Exercise goal: Leave the pictures out and quote only the lines from the one with "Pochette de rangement pour 240 CD/DVD/BR" down to the end of the listing below.

Information shown:
----------------

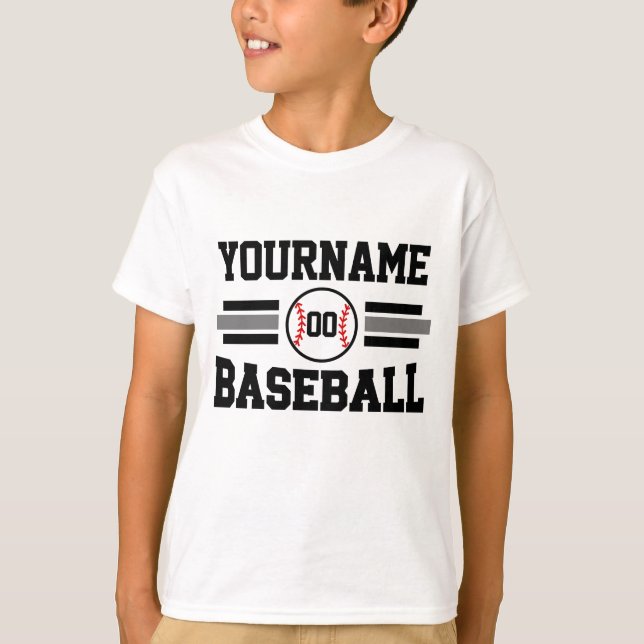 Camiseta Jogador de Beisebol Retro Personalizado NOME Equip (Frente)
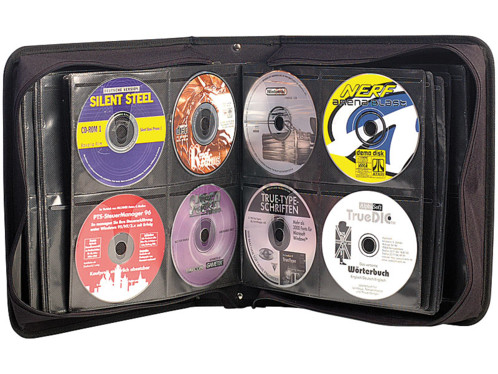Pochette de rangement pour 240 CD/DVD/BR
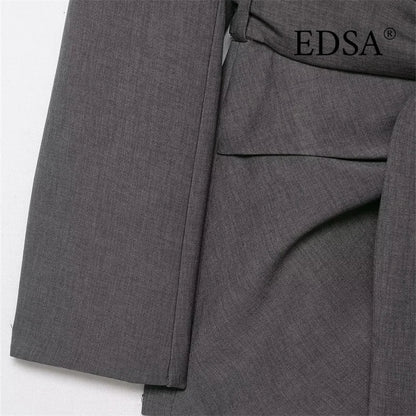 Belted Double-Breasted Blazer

----------------

Output below:
Pochette de rangement pour 240 CD/DVD/BR
 Belted Double-Breasted Blazer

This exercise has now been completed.